Drew Aliperto, USPS Pacific Area Vice-President in a letter to North County Times (California) sets the record straight on postal automated technology
The recent North County Times editorial “Return to sender: Expensive post office technology pointless without labor savings” (Feb. 3) was a mixed bag: the analysis of the impressive capabilities of the U.S. Postal Service’s Flats Sequencing System was spot on, but the rest of the observations were either off the mark or flat wrong. Allow me to set the record straight.
The cost figure cited for the FSS machines to be installed at the Margaret L. Sellers Processing and Distribution Center in Carmel Mountain Ranch actually represents an estimate of the total investment for the national FSS program —- including lengthy research and development for this “modern marvel,” as the editorial rightly put it.
The claim that the substantial cost savings from the FSS machines “will not be passed on to taxpayers any time soon” perpetuates the myth that USPS operations are funded by taxpayers. They aren’t. Customers who purchase postage, products and services fund USPS operations, and they will reap the benefits of FSS.
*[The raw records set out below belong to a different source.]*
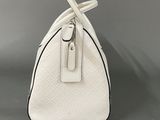 a close up of a white purse on a gray surface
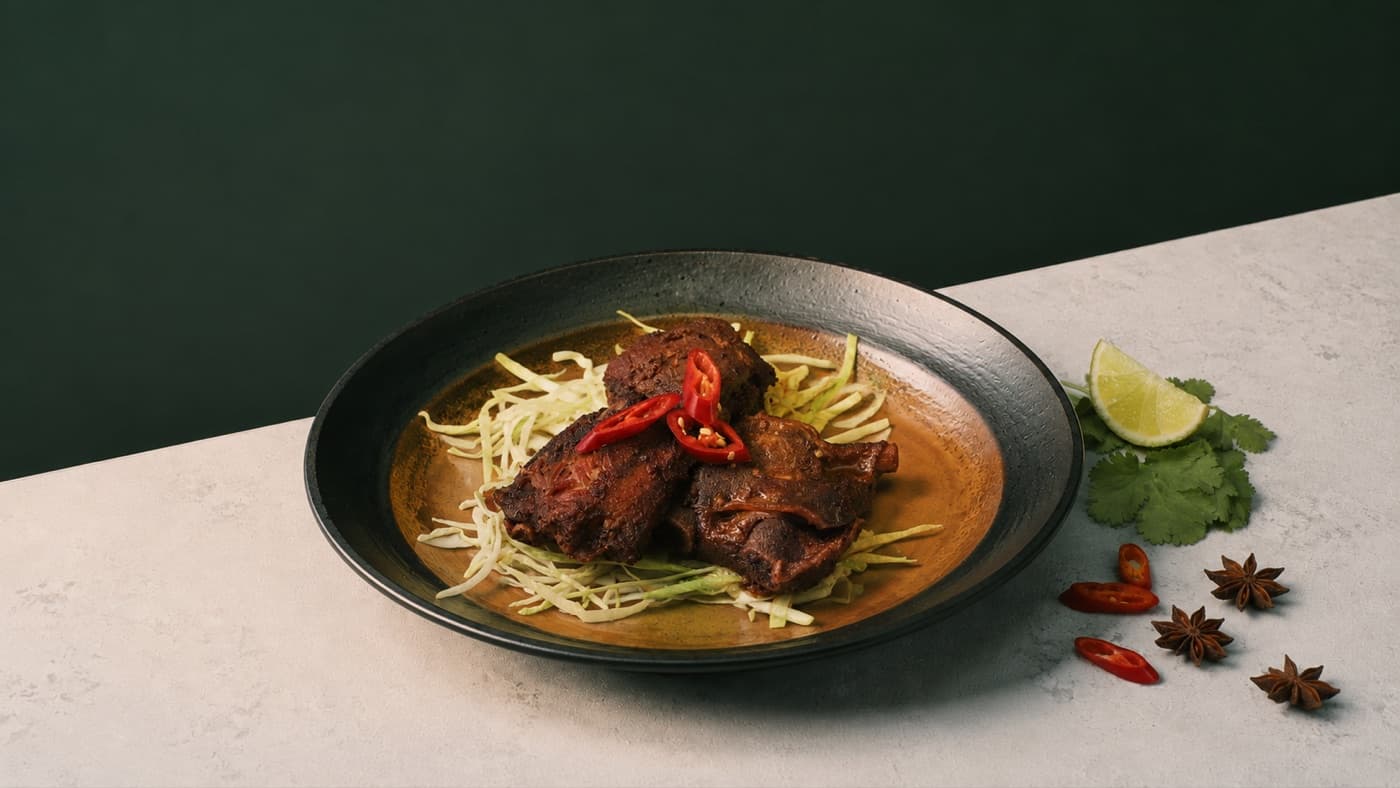 Five spice honey ribs served at Pho District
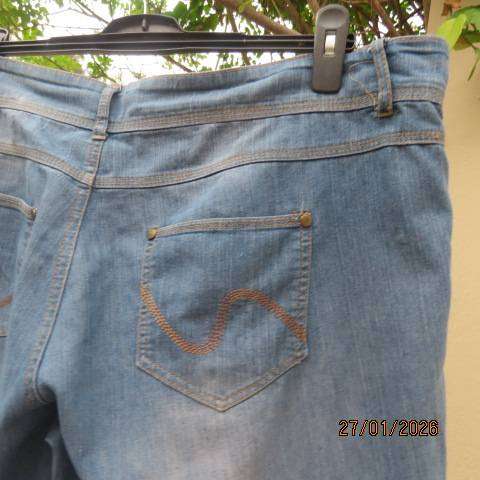 Blue denim just under knee length jeans in polycotton stretch. Size 42 to 44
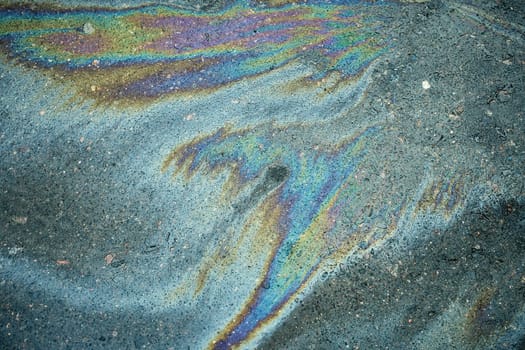 Rainbow-hued gasoline leak forming a colorful sheen on the dark surface of the asphalt road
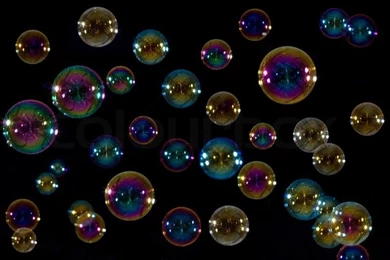 Soap Bubbles Floating In Front Of A Black Backgrounds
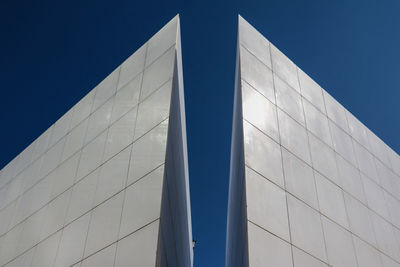 Low angle view of modern building against clear blue sky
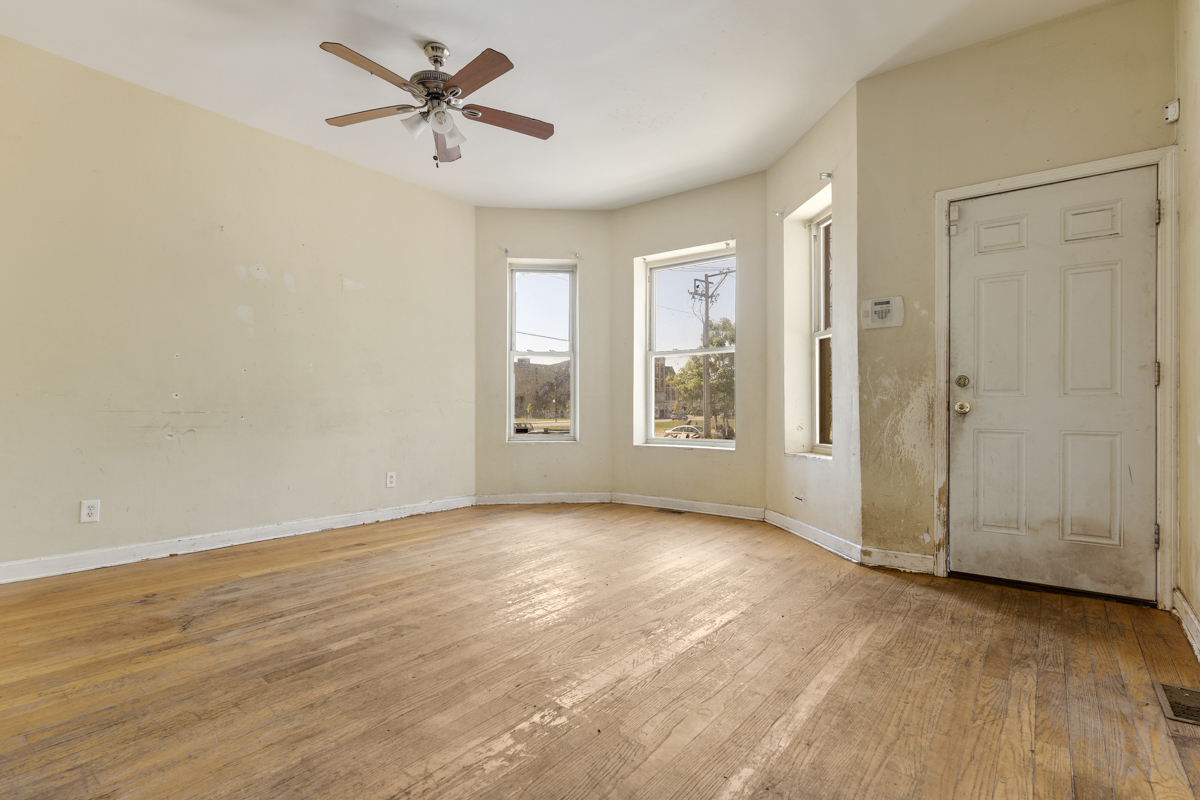 1141 South St Louis Avenue Chicago, IL 60624 - Photo 3 of 26 an empty room with fan and windows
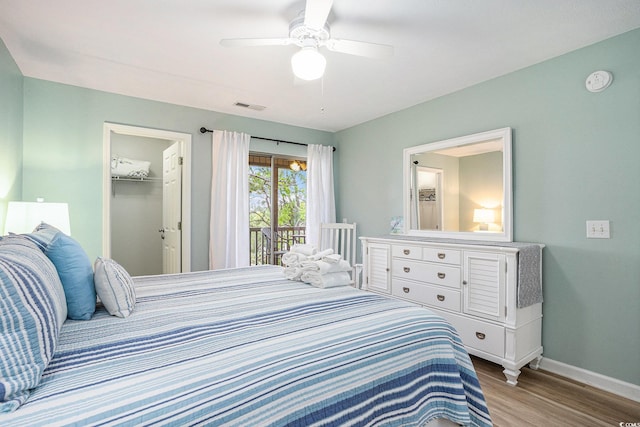 bedroom with wood finished floors, baseboards, access to exterior, a spacious closet, and a ceiling fan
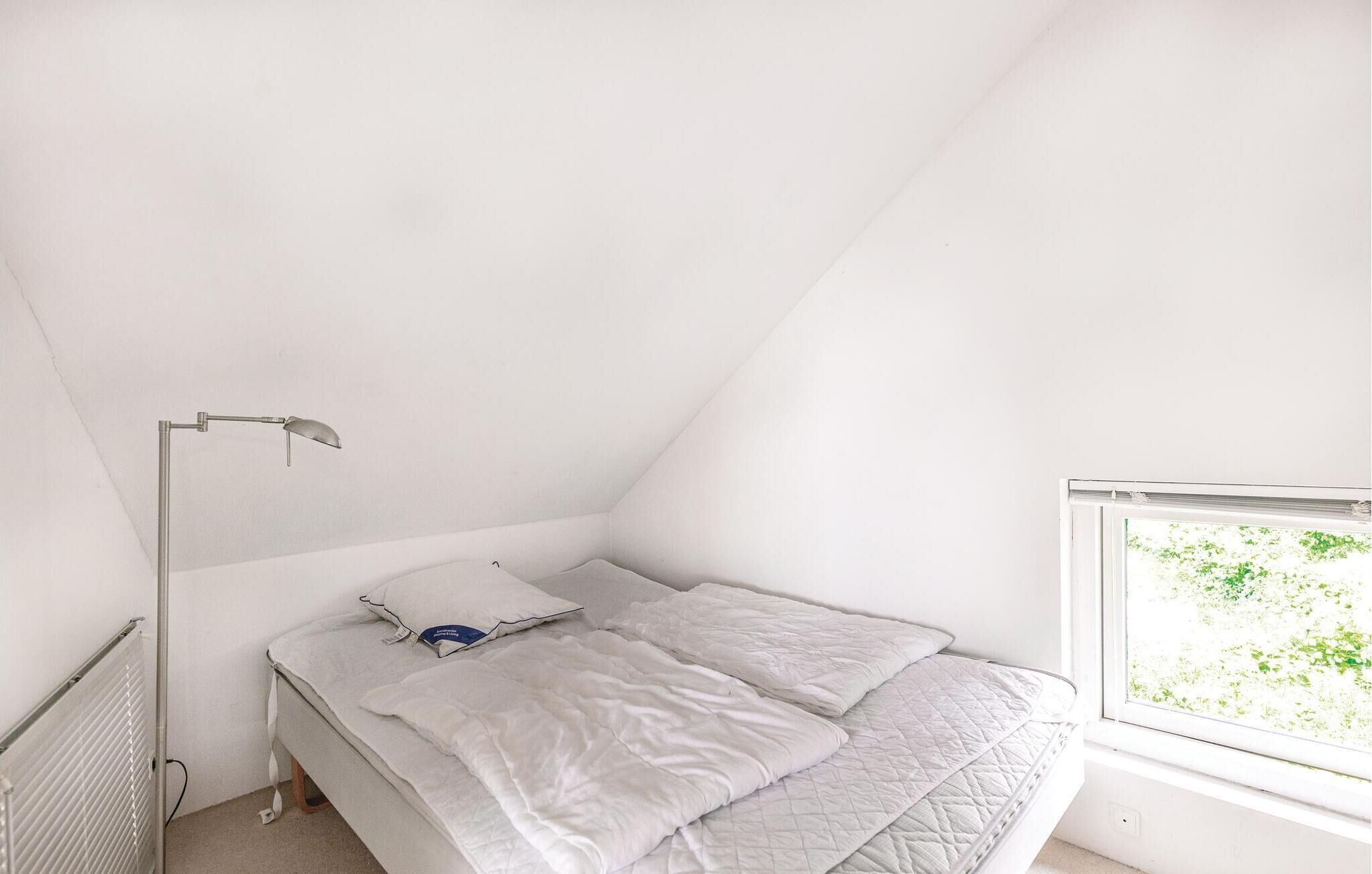 A small, white, sloped ceiling bedroom with a single bed, a bedside table, and a window.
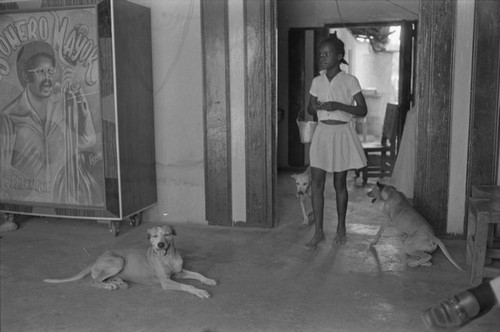 Girl and dogs inside building, San Basilio de Palenque, ca. 1978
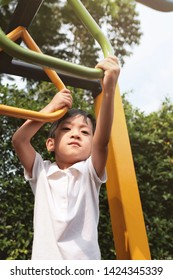 Soft Focus And Close Up The Asian Kid 4 Year Old Using Two Hand Holding Monkey Bar To Lift Up In The Air. The Asia Boy Play In The Playground. Concept Happy Kids, Activity And Safety Exercise.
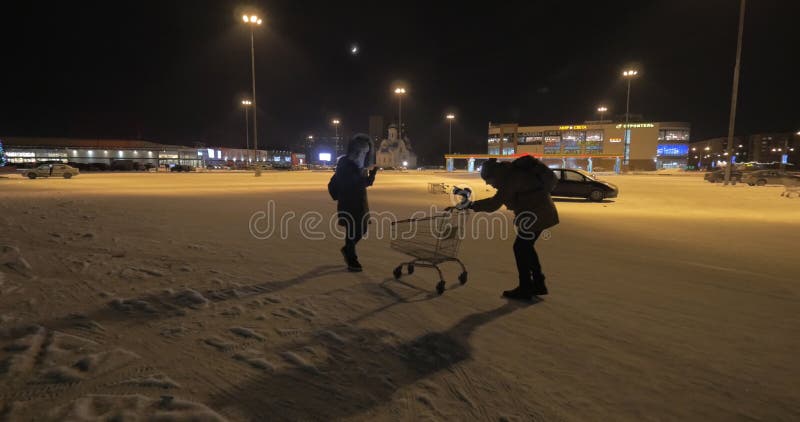 Making a video of woman walking near stores and using cellphone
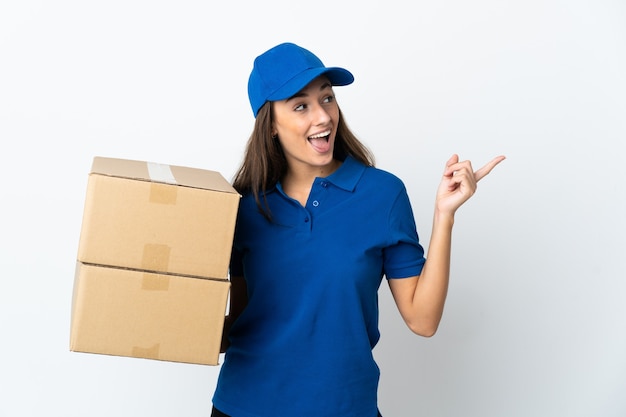 Young delivery woman over isolated white background intending to realizes the solution while lifting a finger up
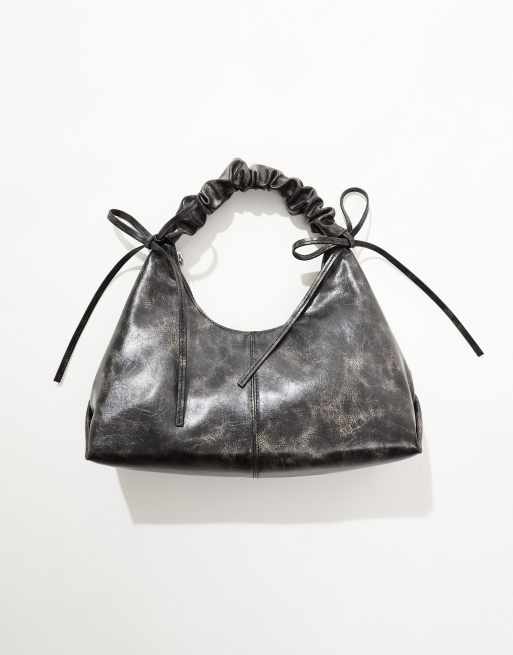 ASOS DESIGN distressed ruched handle shoulder bag with double bow detail in brown ASOS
Despite the editorial’s claim to the contrary, the FSS does in fact result in a reallocation of resources. The FSS allows USPS to significantly reduce the number of delivery routes by virtually eliminating the manual sorting done by carriers in the morning and expanding the number of deliveries they can handle on the street.FSS also reduces the amount of equipment and back office work space required, which can lead to consolidation of facilities and right-sizing of our network. Labor costs are reduced in affected offices, as letter carriers retire and aren’t replaced.